Patent Data
The Patent Data page is for instructions on how to get the USPTO patent data, how to use the database, and for the documentation of our database.
Contents
ER diagram
Downloading the files
The files (in xml format) for granted patent data can be obtained at granted patent
The files for patent application data can be obtained at patent applications
The files for maintenance fees data can be obtained at maintenance
Scripts are available to perform a bulk download of all the above files
These scripts can also be found under /bulk/Software/download\ scripts ("E:\Software\download scripts")on McNair RDP:
Script to download patent application data from 2001-2004
Script to download patent application data from 2005-2015
Script to download patent grant data from 1976-2000
Script to download patent grant data from 2001-2004
Script to download patent grant data from 2005-2015
To use the scripts, save the scripts as shell scripts, then either
$ sh Applications_download_2001-2004.sh
or first change the script to an executable and execute it
$ chmod a+x Applications_download_2001-2004.sh $ ./Applications_download_2001-2004.sh
Notice there will be several hundreds of .zip files of size ~100mb getting downloaded so the process might take a while. When all the files are downloaded, unzip all of them using
$ unzip *.zip
XML Schema Notes
Tags we are using:
- CPC Classification: https://en.wikipedia.org/wiki/Cooperative_Patent_Classification
Tags we aren't using:
- Kind codes: http://www.uspto.gov/learning-and-resources/support-centers/electronic-business-center/kind-codes-included-uspto-patent
- Series codes: http://www.uspto.gov/web/offices/ac/ido/oeip/taf/filingyr.htm
Parsing and Processing the XML files
The ParserSpliter.pl script will first split a large Patent Data XML file into smaller XML files, one for each patent data.
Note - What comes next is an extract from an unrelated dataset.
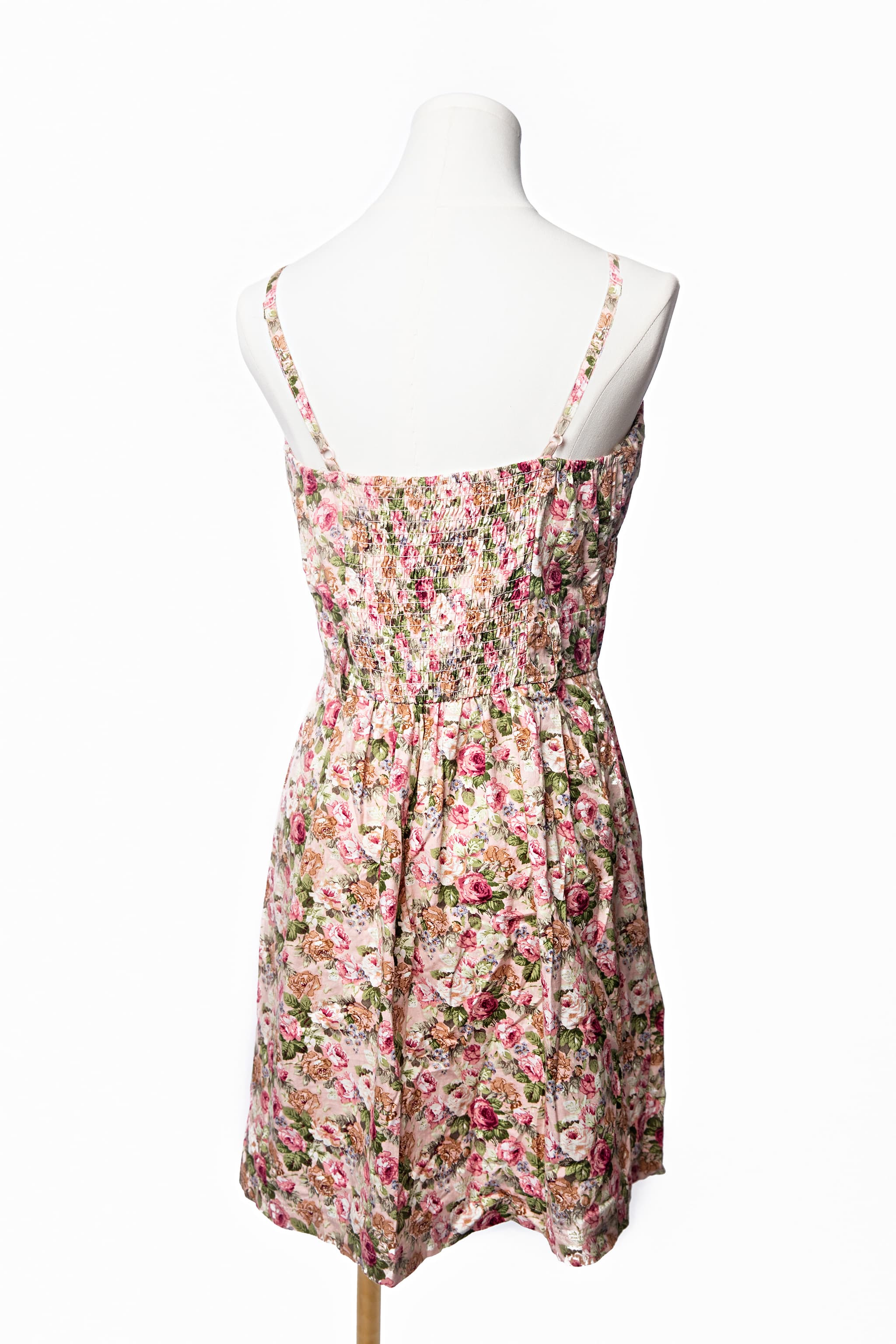 Poetry Rose Floral Button-Front Sweetheart Mini Dress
And it will then parse and process each Patent Data XML file.
Some of the files are somehow mal-formatted, and will be moved to a ./failed_files directory If you add a character anywhere in these files, they somehow become fine to be processed by the script.
In order to use this script, you will need to have XML::Simple and Try::Tiny installed.
Open up CPAN shell:
$ perl -e shell -MCPAN
Install:
cpan[0]> install XML::Simple cpan[1]> install Try::Tiny cpan[2]> install Switch
Once the packages have been installed, use the script like the following example:
perl PatentParser.pl -file=ipa150319_small.xml
Other Resources
Documentations for the xml files
New Notes
The source files have transitioned from here:
- https://www.google.com/googlebooks/uspto-patents-grants-text.html (No longer maintained)
To:
- https://bulkdata.uspto.gov/ (includes 2016 data)
The historic data is the same both sides.
Each file contains, in order, sorted by document ID:
- Design patents (we will discard)
- Plant patents (we will discard)
- Reissues (we probably want them)
- Utility patents (we want them)
The classifications in the XML file are:
- IPC - these are good and we just need the main classification
- CPC - as above
- USPC - just a numeric but not split. Is 22431 224/31 or 22/431, etc.
Scripts
All the scripts related to the patent Data are at:
\\father\bulk\Software\Scripts\Patent
USPTO_Parser.pl will parse the USPTO website and downloads the concatenated xmls to:
\\father\bulk\PatentData
It should be run as follows
USPTO_Parser.pl year1 year2
Gets the data from year1 to year2
Splitter.pl will split those concatenated xmls into individual xmls into:
\\father\bulk\PatentData\Processed
Fields of Interest
We only care about Utility patents (and maybe Reissue patents too)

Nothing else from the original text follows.